Lab tech’s asphalt binder work paves the way to grad school
Rostyslav “Rusty” Shamborovskyy, a Rutgers student working in CAIT’s Pavement Resource Program (PRP) lab, is heading into his graduate studies with some impressive academic credentials. Shamborovskyy has 4.0 GPA and his hard work has gotten him well-deserved notice from several players in the asphalt industry.
First came a $4,250 award in January from the North/Central New Jersey section of the American Society of Highway Engineers. Then, in April he learned he was the winner of the David R. Jones Scholarship from the Association of Modified Asphalt Producers (AMAP). And at the end of May, the New Jersey Asphalt Pavement Association informed him he’d been selected for the Elaine and Robert Lang Foundation Scholarship.
Shamborovskyy, who is starting his master’s at Rutgers School of Engineering in the fall likes to get his hands dirty, both in and out of the CAIT PRP lab, where he has been working for the past year and a half. An avid fisherman, dirt biker, and soccer player, Shamborovskyy is studying how asphalt binders will perform 10 to 20 years into the future, and likes his work there because it is very hands on.
“When people think about civil engineering, they mostly think about construction and management,” said Shamborovskyy. He said he was drawn to studying asphalt because it is unique, requiring a different set of skills and allowing him to experiment directly with raw materials, as opposed to spending more time in front of a computer manipulating numbers.
Chris Ericson who heads up PRP’s binder operation also started as an undergraduate working in the lab. Ericson is Shamborovskyy’s supervisor and praised his work ethic and a quality he doesn’t’ see in every student worker: “When it comes to reliability and precision, Rusty goes the distance and makes sure testing is done accurately and on time. He also brings to the table what most people don’t—a creative mind.”

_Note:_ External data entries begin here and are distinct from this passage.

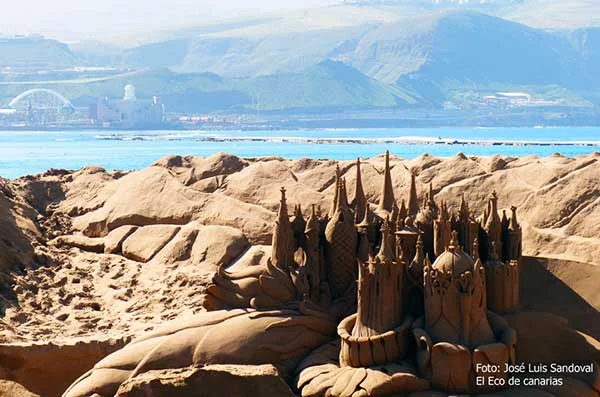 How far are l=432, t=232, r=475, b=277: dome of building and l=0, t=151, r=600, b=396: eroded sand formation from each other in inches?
0.8

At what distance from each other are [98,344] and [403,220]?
505 cm

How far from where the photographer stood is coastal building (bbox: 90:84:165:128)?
354ft

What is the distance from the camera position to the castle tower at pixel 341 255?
15.3 metres

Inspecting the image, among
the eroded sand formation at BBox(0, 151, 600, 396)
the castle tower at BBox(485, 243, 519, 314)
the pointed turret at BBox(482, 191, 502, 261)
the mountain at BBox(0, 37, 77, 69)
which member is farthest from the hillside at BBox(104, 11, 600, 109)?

“The ultimate goal of my research is to improve asphalt technology by working ot make asphalt pavement more cost effective an durable,” Shamborovskyy said, adding that in turn, that will reduce lane shutdowns for repairs, making drivers happier and reducing congestion. His other area of research interest is green technology, working with recycled asphalt pavement.
As lead technician in PRP lab—which was reaccredited by AASHTO for the fourth time in 2013-- he is working on a project extracting and reusing asphalt from post-manufacturer and post-consumer shingles. To recover the valuable reusable material from discarded roofing, Shamborovskyy uses solvents, centrifuges, and a rotary evaporator to separate the asphalt binder (black sticky stuff) from the other components of the shingles. He mixes the extracted shingles binder with virgin binder and subjects it to a veriety of AMRL-certified tests, using the lab's Dynamic Shear Rheometer, exmaining how susceptible they are to the effects of aging.
Asked where he sees himself career-wise in 10 or 15 years, Shamborovskyy admits that's a tough question to answer. If he's not in asphalt, he said he could see himself in the geotechnical industry.
Organizations from which Shamborovskyy received the awards draw members from research firms, polymer and asphalt production companies, contractors, and other related industries and government agencies. These professional groups promote technical research, education, production, and planning to advance development, production, and use of asphalt pavements.